Le corps, aujourd’hui, possède une place prioritaire dans l’esprit de l’homme occidental : « L’homme dans la seconde moitié du XXème siècle considère que la qualité de sa vie passe par la recherche de l’équilibre et du bien-être d’un corps qui fonctionne correctement. Il y consacre beaucoup de temps et d’argent (…) la société des loisirs se construit sur le corps. »[1]

Notre apparence physique est devenue une priorité, voire une obsession, et les techniques  qui nous permettent de transformer ce corps au gré de nos envies, en adéquation avec les canons de beauté,  ne cessent de naître et d'évoluer. Massage, laser, cosmétique... Parmi les moyens qui nous sont proposés, la chirurgie est sans aucun doute le plus violent et le plus radical. Subir une anesthésie générale, puis une intervention  au cours de laquelle le chirurgien va ouvrir, aspirer ou cisailler des parties de notre corps, est devenue une sorte de passage obligé incluant maltraitance et douleur, vers une beauté hors de prix, car « il faut souffrir pour être belle ».

Lolo Ferrari est l'une des figures les plus célèbres de cette pratique extrême. Si elle n'est pas la seule à avoir abusé de la chirurgie esthétique, nul autre qu'elle n'est allé aussi loin dans l'augmentation du volume de poitrine, au point de devenir une sorte de créature monstrueusement féminine. Mais au-delà de la recherche d'un physique hors du commun, elle prenait plaisir à se faire opérer car elle aimait avoir recours à une anesthésie générale. 

 Que cache cette attirance particulière pour le sommeil artificiel? Cette femme au destin tragique, considérée comme une vulgaire poupée gonflable, nous incite à nous interroger sur cette relation, à la fois thérapeutique et violente, entre image de soi et acte chirurgical.  Car à  force de désirer la plastique la plus parfaite, ne risquons-nous pas de devenir a contrario des monstres?

 

 

Corps sans âme et corps extrême :

 

Dans une interview parue de son vivant, Eve Vallois, alias Lolo Ferrari, confiait : "J'aime bien qu'on m'endorme, car c'est difficile, parfois, la vie."[2]  Ces propos sont ceux d'une jeune femme qui semblait éprouver davantage de plaisir à l'anesthésie qu'au résultat de ses interventions. Elle aimait le fait même d'être opérée. Cette idée est évoquée à plusieurs reprises dans les textes de l'opéra qui lui est dédié : "Pouvoir doser la torpeur, soulager la douleur d'un coup d'aiguille, accompagner le corps dans l'oubli.
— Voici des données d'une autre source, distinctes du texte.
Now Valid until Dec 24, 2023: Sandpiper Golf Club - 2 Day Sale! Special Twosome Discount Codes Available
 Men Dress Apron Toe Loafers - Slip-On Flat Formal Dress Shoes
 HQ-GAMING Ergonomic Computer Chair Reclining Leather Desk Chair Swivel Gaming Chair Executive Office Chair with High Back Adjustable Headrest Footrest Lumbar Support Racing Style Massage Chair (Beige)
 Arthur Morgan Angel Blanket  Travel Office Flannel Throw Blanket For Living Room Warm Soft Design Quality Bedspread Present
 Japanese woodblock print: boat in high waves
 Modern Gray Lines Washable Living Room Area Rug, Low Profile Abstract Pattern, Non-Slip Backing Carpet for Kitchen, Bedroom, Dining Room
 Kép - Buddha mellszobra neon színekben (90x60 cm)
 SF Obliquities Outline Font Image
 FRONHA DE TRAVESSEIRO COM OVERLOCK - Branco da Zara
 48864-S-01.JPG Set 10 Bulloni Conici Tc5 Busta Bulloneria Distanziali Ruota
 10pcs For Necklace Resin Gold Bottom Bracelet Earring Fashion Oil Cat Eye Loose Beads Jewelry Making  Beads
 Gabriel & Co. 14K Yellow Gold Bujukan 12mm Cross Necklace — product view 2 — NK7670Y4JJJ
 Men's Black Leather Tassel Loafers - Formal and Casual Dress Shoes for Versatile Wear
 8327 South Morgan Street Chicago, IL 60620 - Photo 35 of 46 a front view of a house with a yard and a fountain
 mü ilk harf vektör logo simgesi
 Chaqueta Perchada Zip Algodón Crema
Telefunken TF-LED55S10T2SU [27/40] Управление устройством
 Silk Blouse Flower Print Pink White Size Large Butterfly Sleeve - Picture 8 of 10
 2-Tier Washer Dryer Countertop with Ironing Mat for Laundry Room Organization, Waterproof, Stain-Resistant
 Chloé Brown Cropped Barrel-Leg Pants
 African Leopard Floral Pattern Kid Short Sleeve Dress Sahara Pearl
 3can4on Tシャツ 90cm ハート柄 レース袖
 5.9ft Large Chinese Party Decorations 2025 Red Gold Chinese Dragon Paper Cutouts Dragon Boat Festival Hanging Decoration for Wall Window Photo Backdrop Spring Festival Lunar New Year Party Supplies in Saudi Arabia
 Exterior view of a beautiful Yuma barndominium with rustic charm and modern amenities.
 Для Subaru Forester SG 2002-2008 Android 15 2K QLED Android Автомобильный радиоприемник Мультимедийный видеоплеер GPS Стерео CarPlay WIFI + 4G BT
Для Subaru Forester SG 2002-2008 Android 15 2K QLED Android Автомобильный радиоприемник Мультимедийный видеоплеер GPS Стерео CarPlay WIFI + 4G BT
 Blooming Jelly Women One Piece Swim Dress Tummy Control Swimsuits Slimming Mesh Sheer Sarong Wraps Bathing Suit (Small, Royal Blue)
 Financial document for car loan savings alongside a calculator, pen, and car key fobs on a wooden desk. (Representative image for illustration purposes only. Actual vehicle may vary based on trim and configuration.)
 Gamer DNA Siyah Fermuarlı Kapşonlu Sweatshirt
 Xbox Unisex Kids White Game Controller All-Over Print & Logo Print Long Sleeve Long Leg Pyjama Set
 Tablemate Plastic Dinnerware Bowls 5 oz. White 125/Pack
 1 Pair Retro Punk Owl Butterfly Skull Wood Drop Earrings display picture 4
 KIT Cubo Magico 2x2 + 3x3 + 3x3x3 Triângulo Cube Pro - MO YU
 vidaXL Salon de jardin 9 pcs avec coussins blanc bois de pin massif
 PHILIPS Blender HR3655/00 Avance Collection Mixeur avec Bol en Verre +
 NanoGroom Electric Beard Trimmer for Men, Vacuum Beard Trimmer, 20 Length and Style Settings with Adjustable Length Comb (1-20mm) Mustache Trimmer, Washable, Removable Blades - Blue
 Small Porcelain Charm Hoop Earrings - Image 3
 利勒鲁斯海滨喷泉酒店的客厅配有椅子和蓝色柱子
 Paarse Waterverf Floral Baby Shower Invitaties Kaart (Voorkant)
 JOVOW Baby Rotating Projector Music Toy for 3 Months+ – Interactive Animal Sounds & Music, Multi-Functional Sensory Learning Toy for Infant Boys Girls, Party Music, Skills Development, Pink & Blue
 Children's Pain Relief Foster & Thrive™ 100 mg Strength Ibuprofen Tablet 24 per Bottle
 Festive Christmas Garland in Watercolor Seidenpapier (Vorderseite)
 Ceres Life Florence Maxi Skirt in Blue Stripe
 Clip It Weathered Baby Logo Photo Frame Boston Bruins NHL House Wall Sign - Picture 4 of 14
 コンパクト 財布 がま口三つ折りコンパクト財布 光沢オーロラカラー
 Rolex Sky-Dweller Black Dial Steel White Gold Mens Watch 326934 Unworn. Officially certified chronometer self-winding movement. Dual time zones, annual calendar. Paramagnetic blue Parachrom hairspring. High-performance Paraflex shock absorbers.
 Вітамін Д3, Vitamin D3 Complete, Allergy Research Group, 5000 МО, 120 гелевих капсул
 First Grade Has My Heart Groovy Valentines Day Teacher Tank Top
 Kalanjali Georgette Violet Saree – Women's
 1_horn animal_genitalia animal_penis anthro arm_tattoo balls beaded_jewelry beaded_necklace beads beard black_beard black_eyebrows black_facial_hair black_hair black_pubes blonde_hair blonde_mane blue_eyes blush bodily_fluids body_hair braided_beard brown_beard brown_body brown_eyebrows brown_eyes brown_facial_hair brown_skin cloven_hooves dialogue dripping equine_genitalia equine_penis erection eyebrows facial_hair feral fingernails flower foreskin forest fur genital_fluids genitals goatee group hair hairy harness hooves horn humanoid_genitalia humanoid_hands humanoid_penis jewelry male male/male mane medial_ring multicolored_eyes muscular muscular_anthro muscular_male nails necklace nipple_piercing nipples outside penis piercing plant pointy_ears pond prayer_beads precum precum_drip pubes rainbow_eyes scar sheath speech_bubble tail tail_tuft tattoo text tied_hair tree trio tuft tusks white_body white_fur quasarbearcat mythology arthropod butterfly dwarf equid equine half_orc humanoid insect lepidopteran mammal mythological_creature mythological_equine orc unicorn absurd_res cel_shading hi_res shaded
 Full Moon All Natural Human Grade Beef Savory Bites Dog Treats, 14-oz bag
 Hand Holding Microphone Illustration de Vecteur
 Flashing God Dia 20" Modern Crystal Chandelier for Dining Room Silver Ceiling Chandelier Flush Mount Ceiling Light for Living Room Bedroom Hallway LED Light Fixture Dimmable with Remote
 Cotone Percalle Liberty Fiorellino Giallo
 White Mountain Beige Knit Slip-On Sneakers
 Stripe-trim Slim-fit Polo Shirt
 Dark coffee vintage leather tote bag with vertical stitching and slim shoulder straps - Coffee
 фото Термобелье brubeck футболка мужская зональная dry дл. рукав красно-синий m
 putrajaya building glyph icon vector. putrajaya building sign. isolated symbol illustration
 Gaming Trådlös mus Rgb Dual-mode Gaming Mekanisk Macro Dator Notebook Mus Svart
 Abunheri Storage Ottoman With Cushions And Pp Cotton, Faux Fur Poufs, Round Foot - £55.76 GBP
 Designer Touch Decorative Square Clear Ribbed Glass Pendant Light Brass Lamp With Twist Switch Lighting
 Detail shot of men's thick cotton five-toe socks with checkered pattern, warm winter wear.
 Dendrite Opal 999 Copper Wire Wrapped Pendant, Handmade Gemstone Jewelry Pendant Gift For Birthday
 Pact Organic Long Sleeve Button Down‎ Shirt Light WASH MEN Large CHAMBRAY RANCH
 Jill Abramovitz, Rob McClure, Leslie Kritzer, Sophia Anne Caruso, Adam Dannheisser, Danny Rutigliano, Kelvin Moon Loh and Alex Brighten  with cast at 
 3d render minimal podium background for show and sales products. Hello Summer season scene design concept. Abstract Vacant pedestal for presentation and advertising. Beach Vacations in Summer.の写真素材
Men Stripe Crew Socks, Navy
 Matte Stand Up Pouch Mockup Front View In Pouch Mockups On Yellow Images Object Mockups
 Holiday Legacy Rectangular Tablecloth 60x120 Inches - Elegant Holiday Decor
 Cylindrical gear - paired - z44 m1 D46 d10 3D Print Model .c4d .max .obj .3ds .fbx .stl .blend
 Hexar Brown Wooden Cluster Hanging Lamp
As-tu déjà observé quelqu'un qui plonge dans l'inconscience, doucement? C'est fascinant. Et rassurant. (...) Pouvoir décider d'une absence à l'angoisse et la douleur, alors que la matière du corps est toujours là, présente..."

La jeune femme, qui souhaitait dans son adolescence devenir anesthésiste,  médecin du sommeil artificiel, passera finalement de l'autre côté de la barrière pour devenir une patiente régulière. Cette complaisance pour l'état de corps privé de toute conscience "alors que la matière du corps est toujours là, présente..." - pour citer le texte de l'opéra, Lolo Ferrari s’inscrivait dans une démarche que nous pouvons qualifier d' « anti-platonicienne ». En effet la philosophie de Platon ayant prôné la supériorité de l'Esprit, entité supérieure mais prisonnière du corps éphémère, Lolo Ferrari se complaisait dans une démarche diamétralement opposée. Elle voulait être un corps sans âme, et cela l'a rendue dépendante aux anesthésies générales. L'auteur de l'opéra évoque très clairement cette addiction : "Piquez moi docteur, docteur. Donnez-moi une dose de sommeil. Plongez moi avec vous dans cette absence au présent." 

Car fuir le présent, plonger dans le sommeil, n'est-ce pas faire l'expérience de la mort comme le disait le cinéaste espagnol Pedro Almodovar, qui compare l'instant où nous nous endormons à « une micro expérience de la mort."[3] ?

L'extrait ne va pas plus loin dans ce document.